Stead is so interesting in this novel in her deployment of the female rogue, or pícara, as a modern working girl in the streets of New York (with the intentional inference of prostitution), who uses her marketable assets of good looks, street smarts, and moral and writerly flexibility in order to survive and thrive. The waning Popular Front and early war years in New York (1936–45) were the perfect stage on which to set this story of the indefatigable working girl on the move, with her thwarted racketeer schemes to attract affection, stay ahead of the sexual game, marry advantageously, and keep financially afloat. True to the original picaresque novels from Spain, England, and the United States in the nineteenth century (haven of the picaroon), social, economic, and political upheaval (1937–45) provided the perfect setting for the mobile female trickster and the kind of ethnographic social detail that interested Stead.

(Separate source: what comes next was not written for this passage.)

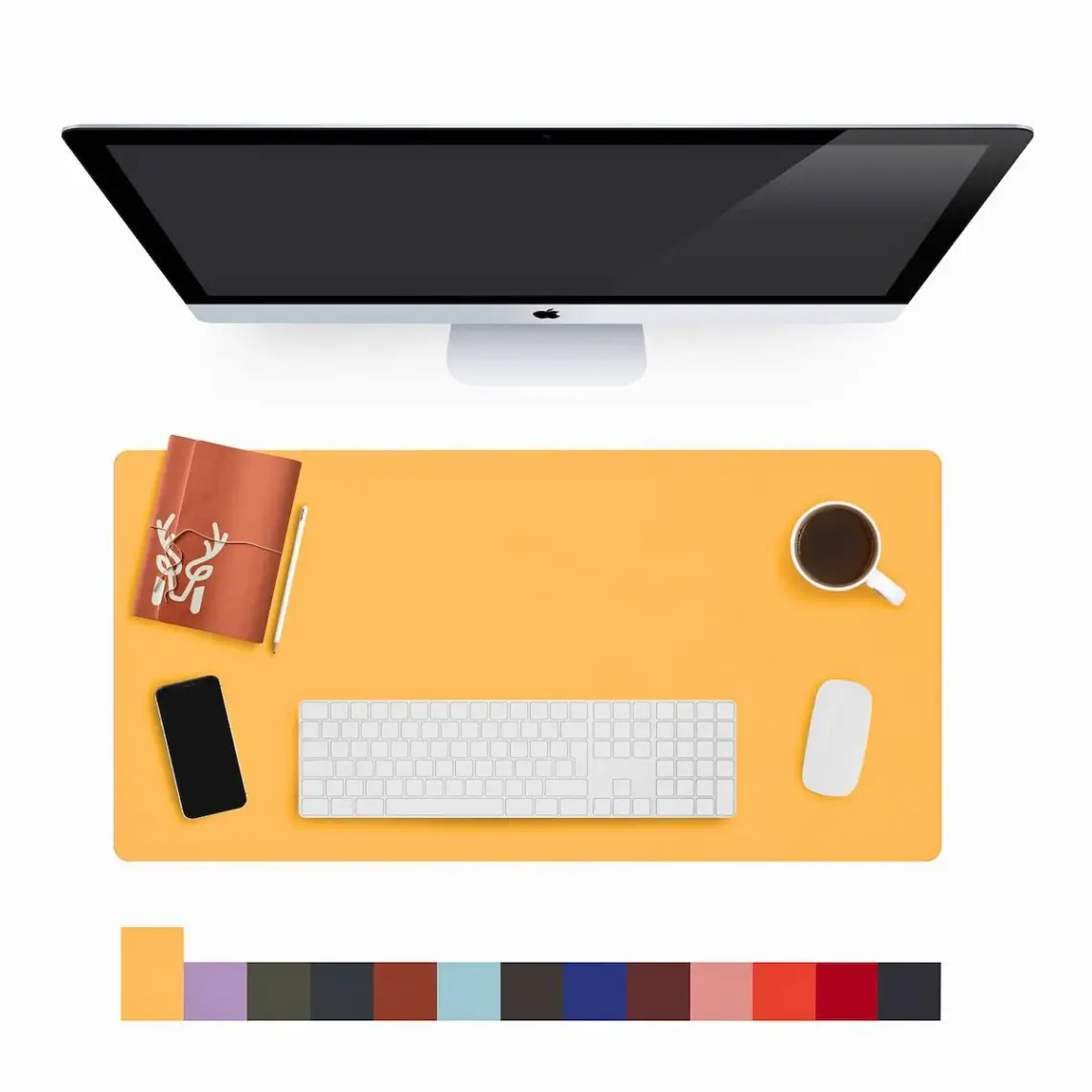 Modica Lindos - Deri Mat, Masa Pedi, Büyük Mouse Pad, Ofis Için Mat, Su Geçirmez Mat, Ofis ve Ev Için Deri Pedi, Gaming Masa Matı, Masaüstü Için Masa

This might not have seemed revolutionary to Stead herself, who was steeped in European literary traditions of the radical left (Rabelais, Cervantes, Stendahl, Balzac, Dickens, Malraux), as well as an abiding fan of Mark Twain, but the female-authored picaresque, like female-authored satire, was, and still is, quite rare. Stead’s attraction to the genre was that it offered a contrast to, and a break from, the more obviously romantic quest narrative, For Love Alone (1944), a narrative form to which she never really returned. It also provided a platform for her main comic and political purpose: to satirise the ineffectual left-wing middle class with which she had socialised in New York since 1935. The way in which this radical set moved through the marriage market and associated libidinal and cash economies was just one indication of its corruption, hypocrisy, and blind American obedience to the structures of capital. It emerges, of course, that Stead was also centrally interested in that bind in which modern women found themselves: between libidinal freedom and a kind of married respectability.
Stead’s novel certainly produces many rambunctiously comic moments, but the work delivers more than the standard comic disapproval of a roguish protagonist. Although planning to embrace the traditionally restrictive spaces of matrimony with a none-too-promising chap at the end of the novel, Letty is still in motion in her tenacious, impudent, and clamorous way; still working for her survival in the urban jungle of New York at the end of the war. Her morally reprehensible behaviour is certainly satirised, but the novel also celebrates Letty’s extraordinary vitality (her ‘bounce’), which stands at the heart of her survival as an outsider – a modern working girl on the make in a man’s world.